Deposit for a buy-to-let purchase

Helping family onto the property ladder

Landlords expanding their property portfolio

Another reason

Free valuation, Free legal fees or Cashback towards your fees is available on many remortgage products.


Buy-to-let

We support existing landlords and clients considering buying their first rental property. Buy-to-let mortgages require clients to provide a bigger deposit towards their property purchase. The mininum deposit is typically 15% to 20% of the purchase price. The larger your deposit the lower your interest rate and the lower the fees attached to the mortgage product.

There are tax considerations landlords must explore prior to buying a rental property. This can be particularly important for clients in the higher income tax bracket. In addition to income tax on rental income, you must consider stamp tax on your initial purchase. Buy to let purchases are most likely to be a second property, so the stamp tax is typically 3% of the purchase price. The exact percentage will depend on purchase price and which tax bracket is applied. We don’t provide tax advice and we recommend if clients have any tax related concerns they should obtain tax advice from a qualified professional.


Right-to-buy

With right-to-buy purchases, clients can use their discounted equity value from the housing association as their deposit. In many scenarios, with right to buy purchases, clients are not required to provide any of their own cash deposit, towards buying their property.


Broker fees

Initial mortgage reviews are free. We DO NOT charge fees for providing life insurance and home insurance advice. We are paid commission by the product providers.


What documents are required?

We support the Proceeds of Crime Act and all efforts to eliminate Money Laundering. As Part of this, we need to verify the identity of all our clients.

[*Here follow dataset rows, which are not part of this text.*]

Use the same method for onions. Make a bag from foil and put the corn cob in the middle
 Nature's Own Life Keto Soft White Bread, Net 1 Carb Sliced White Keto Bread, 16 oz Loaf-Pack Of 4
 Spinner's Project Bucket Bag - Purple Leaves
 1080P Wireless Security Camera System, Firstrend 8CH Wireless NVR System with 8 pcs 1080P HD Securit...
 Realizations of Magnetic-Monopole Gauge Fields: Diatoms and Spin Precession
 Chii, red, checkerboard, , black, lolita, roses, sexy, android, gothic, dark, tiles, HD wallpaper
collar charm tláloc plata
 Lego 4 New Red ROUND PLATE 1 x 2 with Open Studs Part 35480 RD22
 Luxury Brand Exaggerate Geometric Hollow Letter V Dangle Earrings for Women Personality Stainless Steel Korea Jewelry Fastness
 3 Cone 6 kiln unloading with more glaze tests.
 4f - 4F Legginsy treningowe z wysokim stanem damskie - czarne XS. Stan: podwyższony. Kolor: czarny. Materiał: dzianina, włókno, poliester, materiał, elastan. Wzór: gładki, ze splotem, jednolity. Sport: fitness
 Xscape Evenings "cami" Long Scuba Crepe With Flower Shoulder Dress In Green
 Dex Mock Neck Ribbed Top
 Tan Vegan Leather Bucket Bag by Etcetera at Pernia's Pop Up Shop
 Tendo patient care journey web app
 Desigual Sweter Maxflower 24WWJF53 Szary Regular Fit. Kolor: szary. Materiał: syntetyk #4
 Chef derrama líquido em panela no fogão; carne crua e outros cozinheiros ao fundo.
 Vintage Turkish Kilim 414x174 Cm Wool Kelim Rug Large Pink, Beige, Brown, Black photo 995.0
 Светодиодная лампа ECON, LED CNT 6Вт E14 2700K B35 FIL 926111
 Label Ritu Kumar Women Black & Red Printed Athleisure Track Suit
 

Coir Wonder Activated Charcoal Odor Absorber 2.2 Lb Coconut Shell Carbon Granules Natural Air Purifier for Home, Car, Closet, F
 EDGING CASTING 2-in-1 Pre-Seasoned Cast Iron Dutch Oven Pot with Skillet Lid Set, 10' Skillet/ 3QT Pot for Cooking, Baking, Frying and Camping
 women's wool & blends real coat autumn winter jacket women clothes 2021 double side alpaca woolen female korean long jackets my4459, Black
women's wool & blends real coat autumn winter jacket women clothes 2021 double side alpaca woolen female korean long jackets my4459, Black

We ask that you provide some original documents containing your name and your address. You must provide at least:

One proof of identity document – e.g. Passport or Driving Licence

One proof of address document – e.g. utility bill from last 3 months


To support your mortgage application

Last 3 months consecutive bank statements

3 months wage slips or 13 weeks

1, 2 or 3 years accounts if self employed

A Copy of your credit file

Self-employed- last 1, 2 or 3 years SA302’s, TYO’s

Current mortgage statement

State benefits – evidence of any state benefits (letter dated within the last 12 months for each benefit)

Pension income – if lending into retirement

Gift of deposit letter

Your current assurance/insurance provisions. If you have home insurance or a life policy a copy of the policy documents showing what cover you currently have


Source of deposit

We will have to identify the source of your deposit. (E.g. if from your own savings then your last 12 months bank statements). It maybe equity in your current property, in this case no proof is required.

In cases were the deposit is a gifted deposit from your family, we would require a gifted deposit letter from the donor. We will provide you with a template if necessary to support your application.


Credit file

With the increase in identity theft we strongly recommend you obtain a copy of your own credit report. This is to ensure your application is not delayed by uncovering surprises later in the process. It also means that any issues uncovered can be addressed, as it does not mean your application is automatically declined – indeed many lenders have provisions for this type of business. Check the initial and ongoing fees that agencies charge as they can vary. The main agencies to approach are Experian, Equifax, Callcredit, Clearscore.


You don’t have all supporting documents

If you do not have all supporting documents in time for your first appointment, This can be discussed with your financial advisor. The advisor is still able to provide advice without all supporting documents, however any outstanding documents will be required prior to submitting your full mortgage application.